Figure 1 shows schematically a longitudinal cross-section of a borehole having an uncased section that has to be provided with a casing including a liner provided with longitudinally overlapping openings; and

Figure 2 shows part of Figure 1, wherein a part of the liner has been expanded.

[0014] In Figure 1 is shown the lower part of a borehole 1 drilled in an underground formation 2. The borehole 1 has a cased section 5, wherein the borehole 1 is provided with a casing 6 secured to the wall of the borehole 1 by means of a layer of cement 7, and an uncased section 10.

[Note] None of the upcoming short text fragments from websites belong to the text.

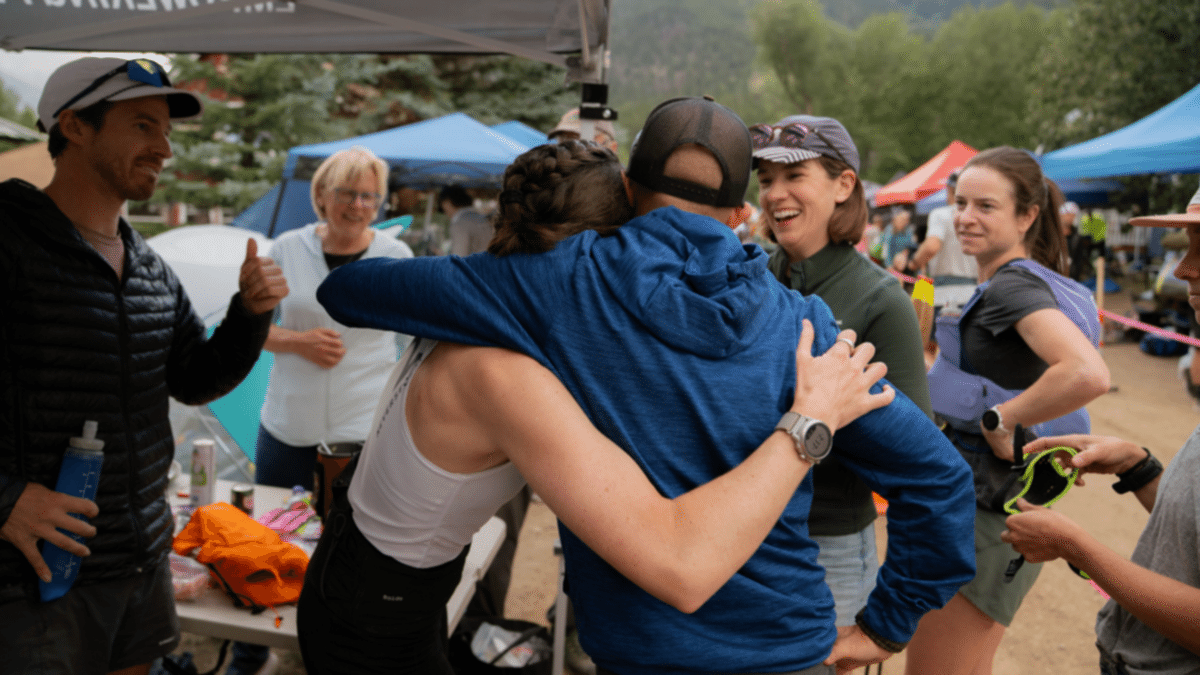 Why You Need A Coach Coach And Athlete Hugging After Endurance Event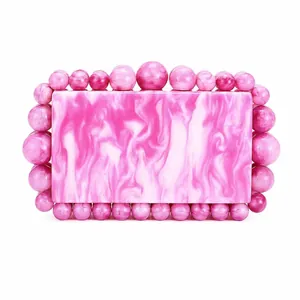 Detail view of pink marble acrylic evening bag with decorative round bead frame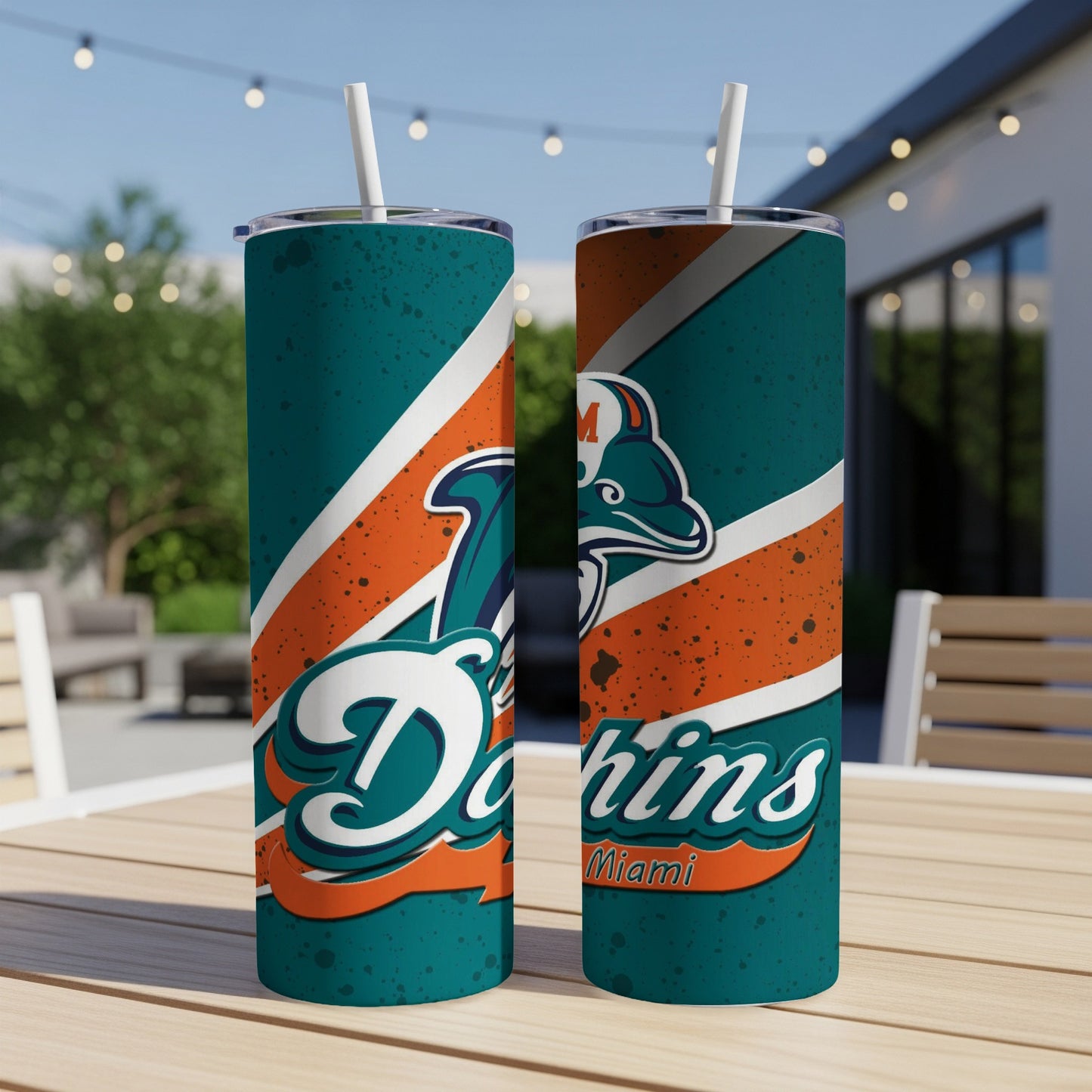Miami Dolphins tumblers with straws and team logo on a deck table.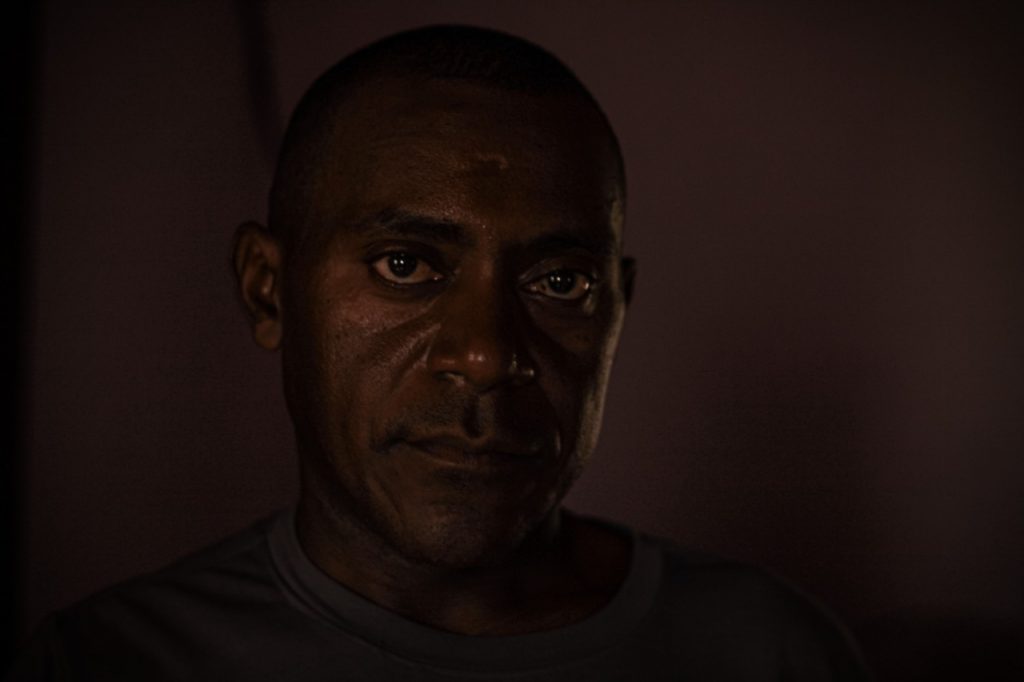 Close de homem negro, aparentando mais de 40 anos, fotografado em ambiente de pouca luz e parede rosa. Ele usa camisa cinza e olha fixamente para a câmera. Ele está com semblante sério e sua esclera (o branco dos olhos) é amarelada.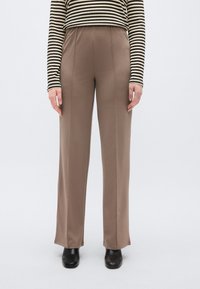 Calças largas castanhas feitas de tecido suave, com cintura alta e vinco central subtil, combinadas com um top às riscas preto e bege.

[0015] In the uncased section 10 of borehole 1 a steel liner 11 provided with longitudinally overlapping openings has been lowered to a selected position, in this case the end of the casing 6. The openings of the liner have been provided in the form of longitudinal slots 12, so that the liner 11 forms a slotted liner with overlapping longitudinal slots 12. For the sake of clarity not all slots 12 have been provided with a reference numeral. The upper end of the slotted liner 11 has been fixed to the lower end of the casing 6 by means of a suitable connecting means (not shown).

[0016] In a next step, a hardenable sealing material in the form of cement mixed with fibers (not shown) is inserted into the slotted liner 11. The cement forms a body of cement 13 in the borehole 1, whereby part of the cement flows through the slots 12 of the liner 11 and around the lower end of the slotted liner 11 into an annular space 14 between the slotted liner 11 and the wall of the borehole 1, and another part of the cement remains in the interior of the slotted liner 11.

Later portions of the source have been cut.